Citation: 2018 FC 247

Ottawa, Ontario, March 5, 2017

PRESENT:  The Honourable Mr. Justice Favel

BETWEEN:

KAJENTHIRAKUMAR NAVARATNAM

 

Applicant

and

THE MINISTER OF CITIZENSHIP AND IMMIGRATION

Respondent

JUDGMENT AND REASONS

I.  Nature of the Matter

[1]  This is an application for judicial review under section 72(1) of the Immigration and Refugee Protection Act, SC 2001, c 27 [IRPA] of a decision by a Senior Immigration Officer [the Officer] dated June 20, 2017, which dismissed the Applicant’s Pre-Removal Risk Assessment [PRRA] application [the PRRA Decision].

II.  Facts

[2]  The Applicant is a 38-year-old Tamil from northern Sri Lanka.

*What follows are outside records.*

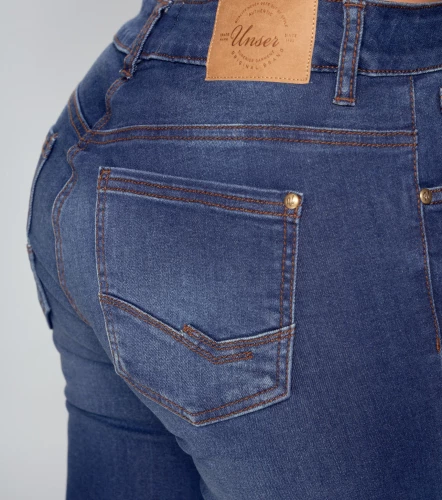 Star Fernanda Jean Skinny Con Proceso Y Bolsillos UnserAZ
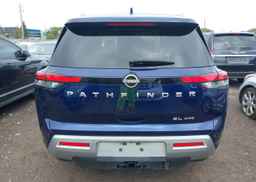 2022 NISSAN pathfinder sl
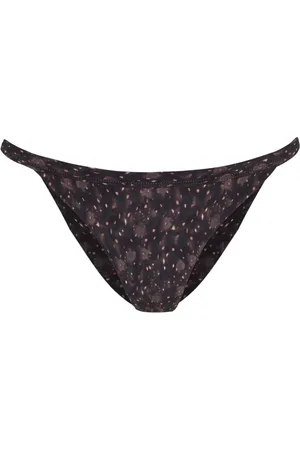 Cortana Stroje kąpielowe, Kobieta, Czarny, S, Khata, bikini brief hedy print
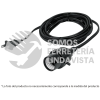 47143 POLCA-6 PORTALAMPARAS CON CABLE DE 6 M VOLTECK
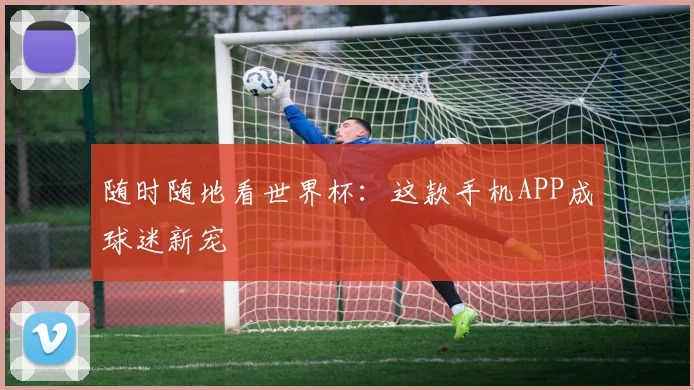 随时随地看世界杯：这款手机APP成球迷新宠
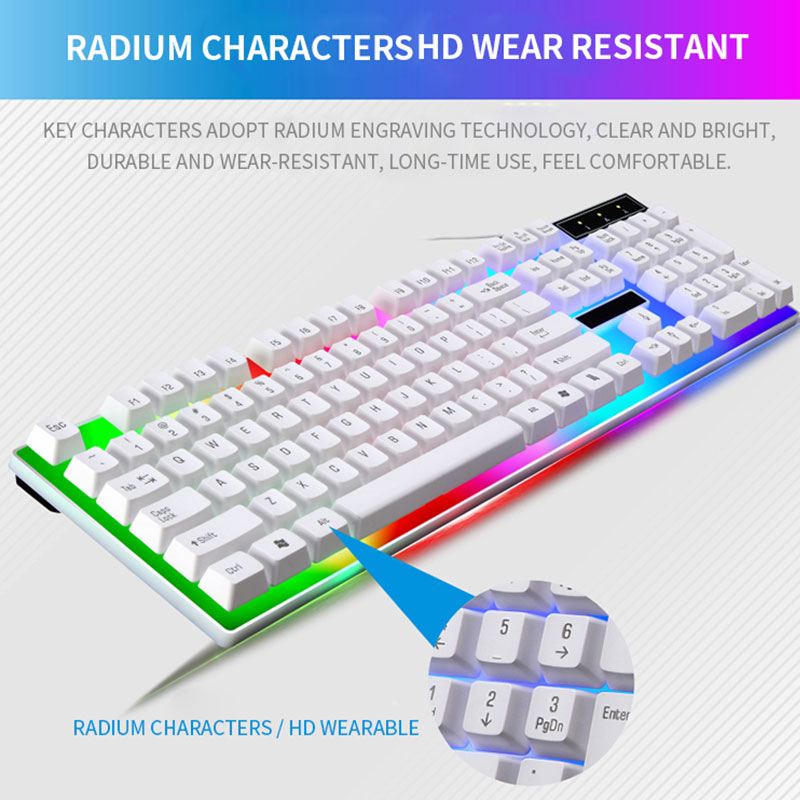RGB oyun klavyesi oyun klavyes - Gaming Keyboard Bundle incelemesi ve fiyatı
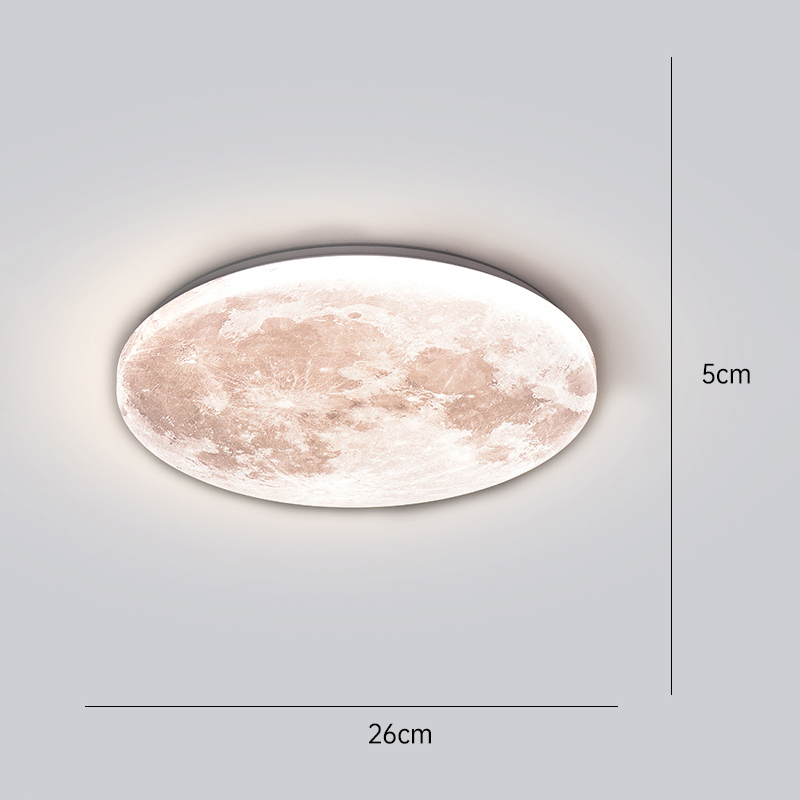 D26cm-Moon lamp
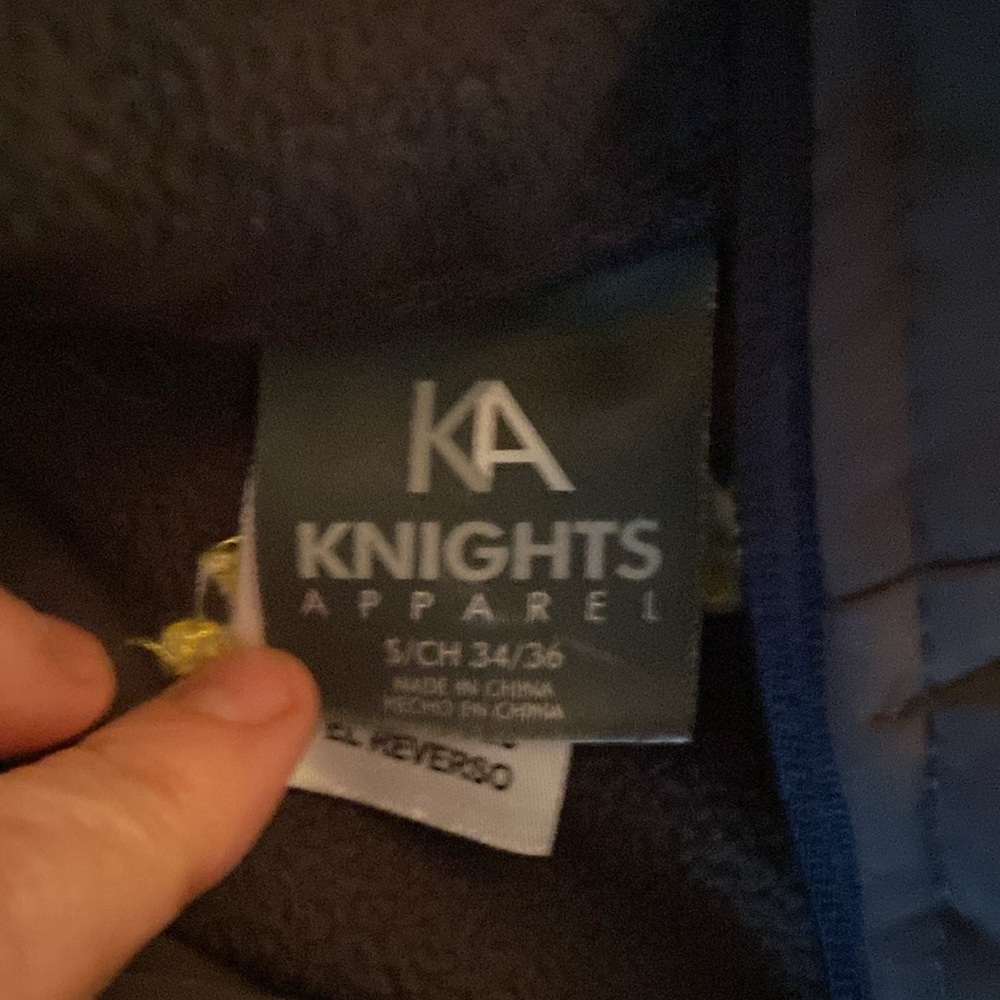 KA knights apparel university of Michigan jacket - Picture 3 of 8
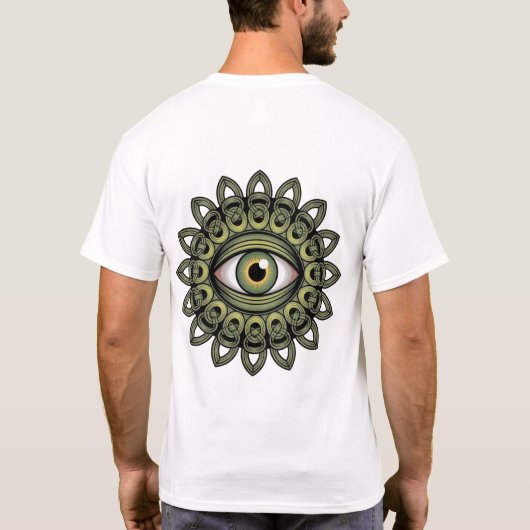 Ogen T-shirt (Achterkant)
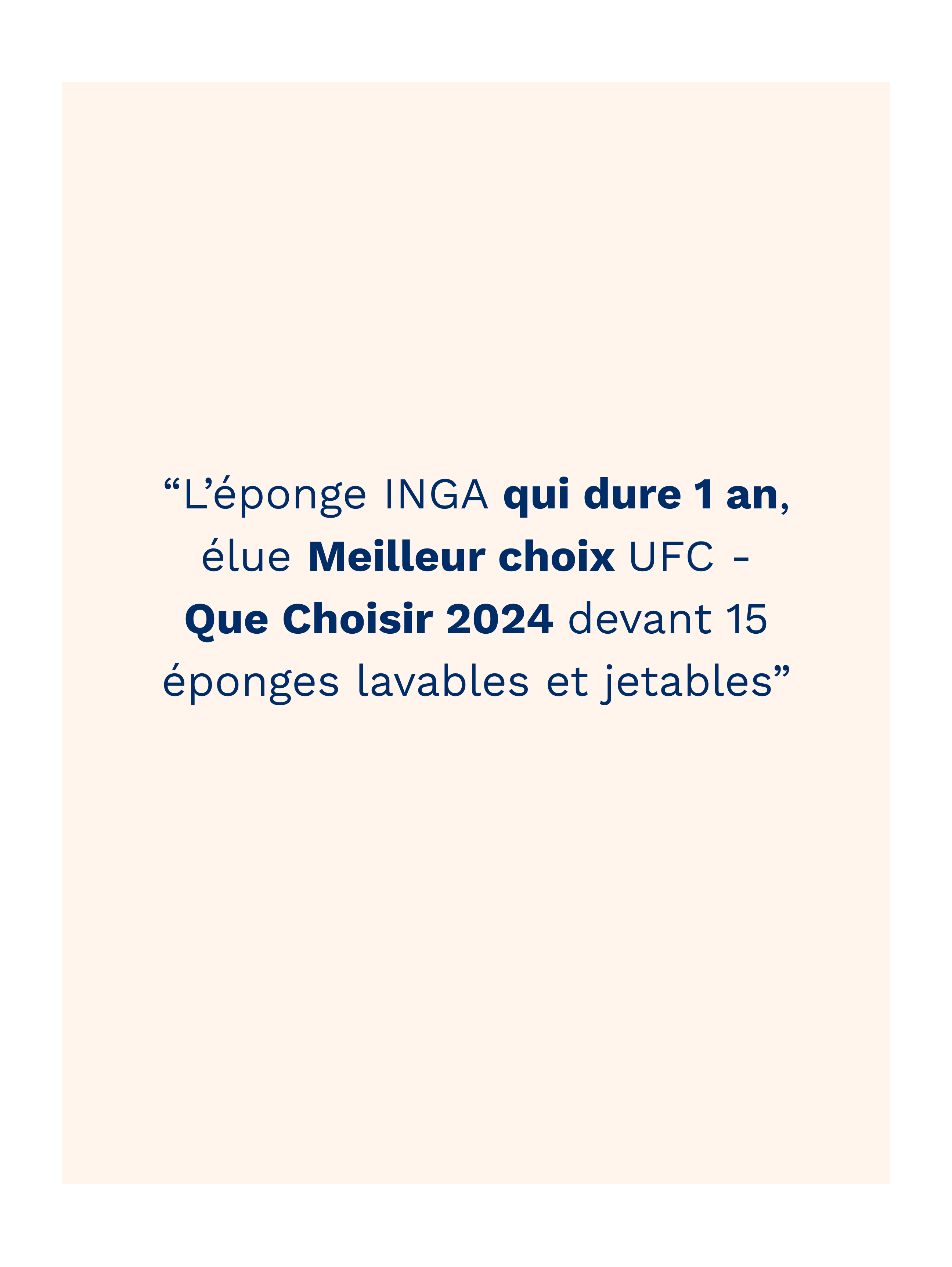 Reassurance INGA 2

[3]  The Applicant was born in the village, Annaicoddai, near the city of Jaffna in the north of Sri Lanka. The Applicant alleges he was subject to ongoing harassment from the Sri Lankan Army [the SLA] because they suspected him of involvement with the Liberation Tigers of Tamil Eelam [the LTTE]. According to the Applicant, there were a number of instances dating back to 1999 where he was detained, mistreated, beaten and abused by the SLA.

[4]  According to the Applicant, in March 2010 he was kidnapped on the street and taken, blindfolded to an unknown location by men speaking Tamil and Sinhalese. The Applicant is alleged to have been detained for four days, and was only released after his father paid part of a ransom demanded by the men who captured him. His father promised to pay the balance of the ransom within a month. Instead of paying the remainder of the ransom, the Applicant fled Sri Lanka in March 2010.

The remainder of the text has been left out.